_Brief_: The records that follow must be repeated exactly, minus the images.

##### Supplied records

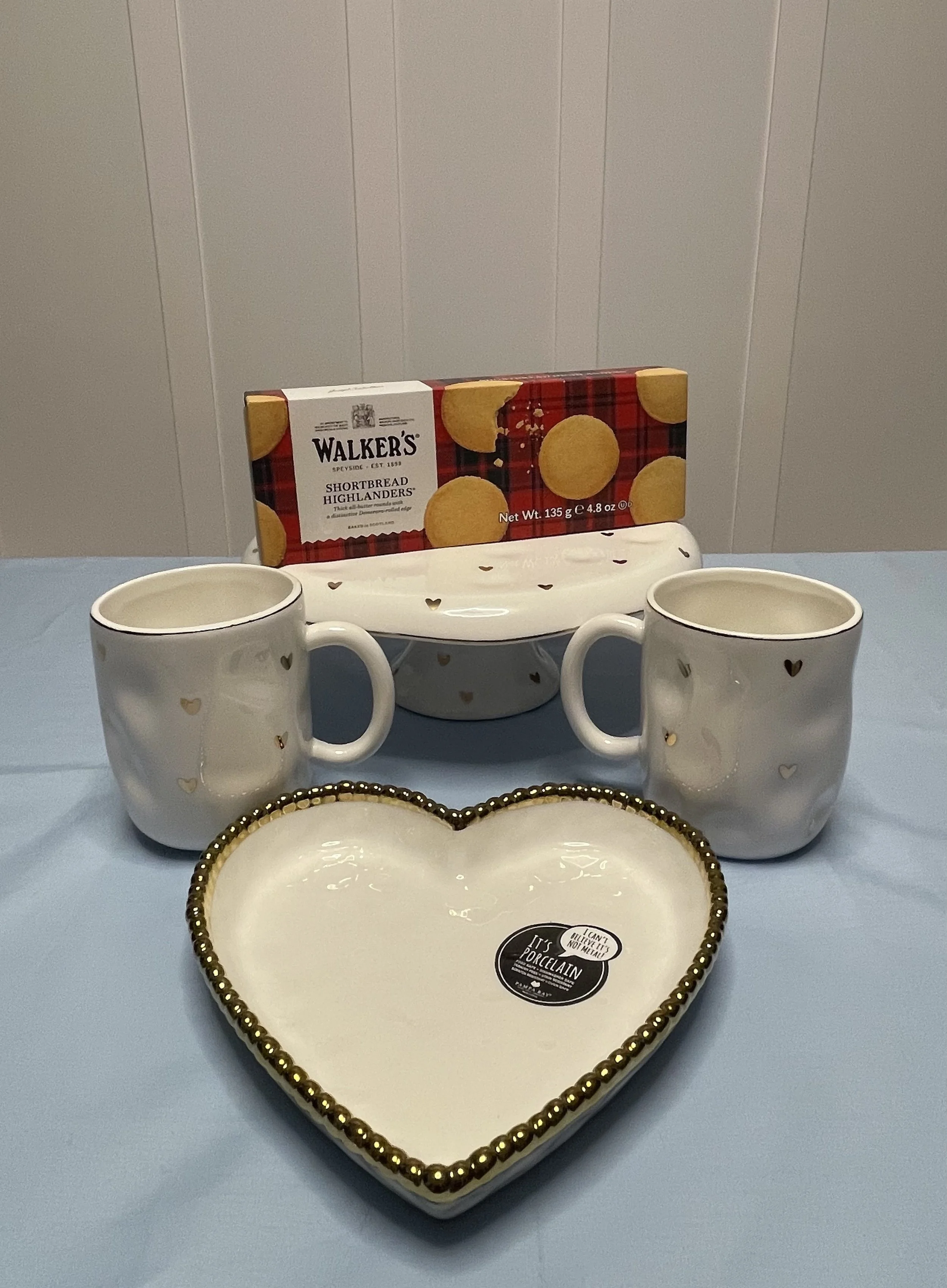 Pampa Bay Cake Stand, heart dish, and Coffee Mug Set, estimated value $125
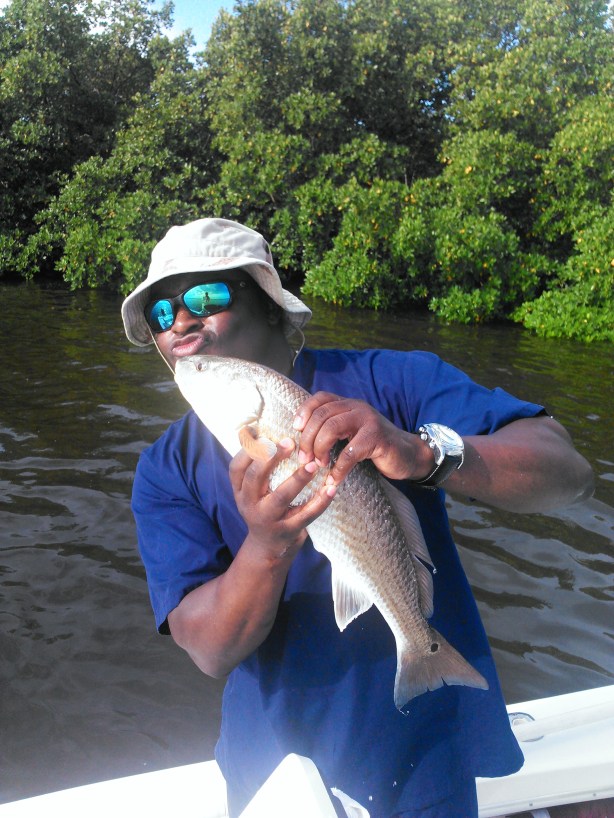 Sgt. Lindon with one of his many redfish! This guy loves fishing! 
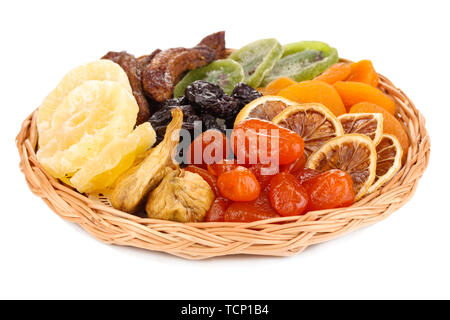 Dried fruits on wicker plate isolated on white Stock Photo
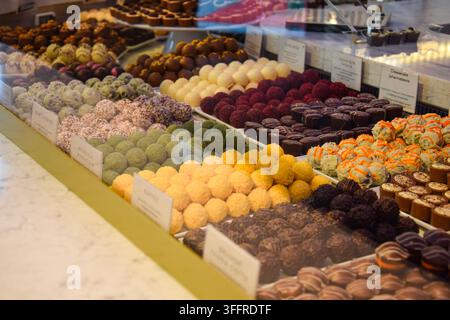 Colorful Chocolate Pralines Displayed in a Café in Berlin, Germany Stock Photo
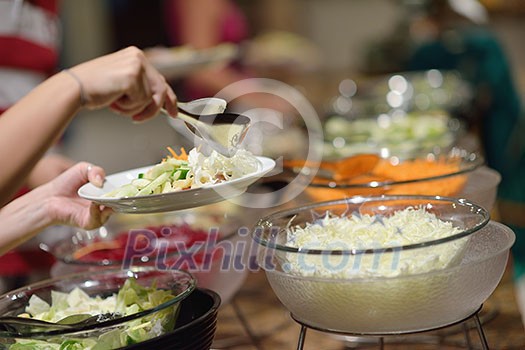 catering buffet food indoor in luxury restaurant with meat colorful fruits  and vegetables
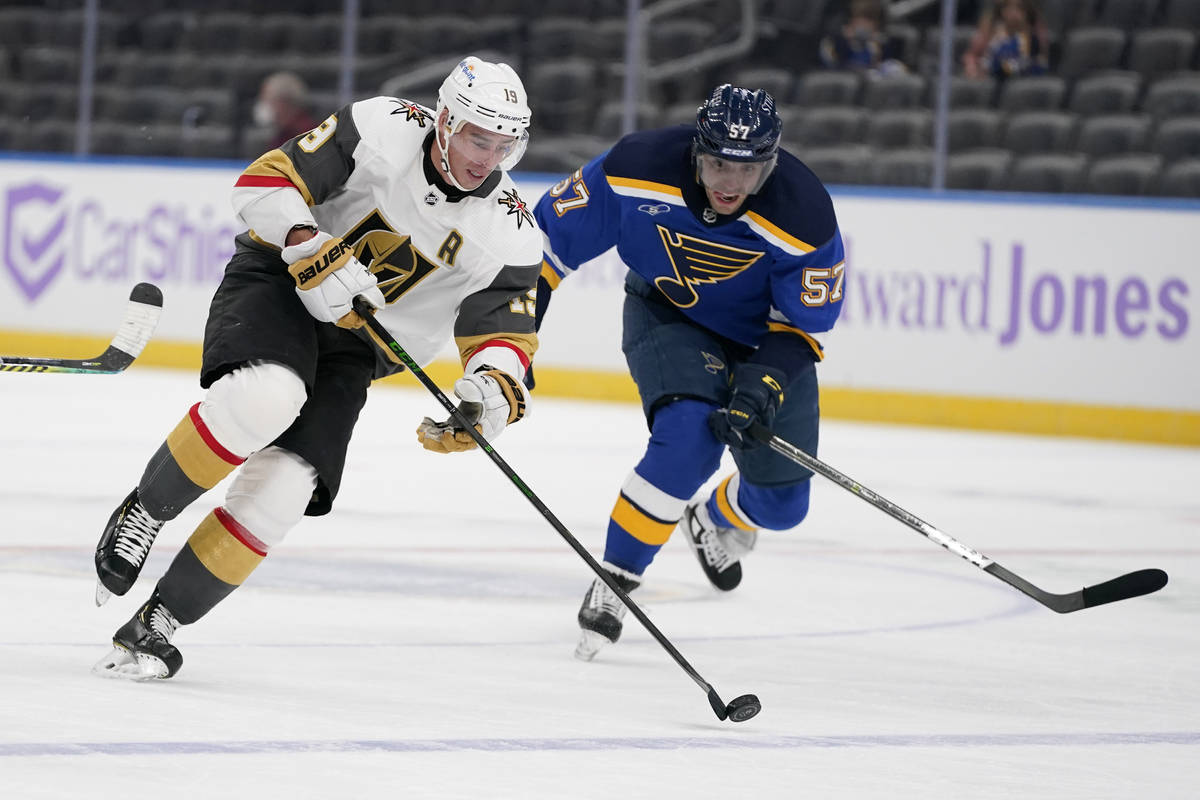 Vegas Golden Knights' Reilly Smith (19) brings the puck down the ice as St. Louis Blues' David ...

##########

_Expected answer_:
 Pampa Bay Cake Stand, heart dish, and Coffee Mug Set, estimated value $125
 Sgt. Lindon with one of his many redfish! This guy loves fishing! 
 Dried fruits on wicker plate isolated on white Stock Photo
 Colorful Chocolate Pralines Displayed in a Café in Berlin, Germany Stock Photo
 catering buffet food indoor in luxury restaurant with meat colorful fruits  and vegetables
 Vegas Golden Knights' Reilly Smith (19) brings the puck down the ice as St. Louis Blues' David ...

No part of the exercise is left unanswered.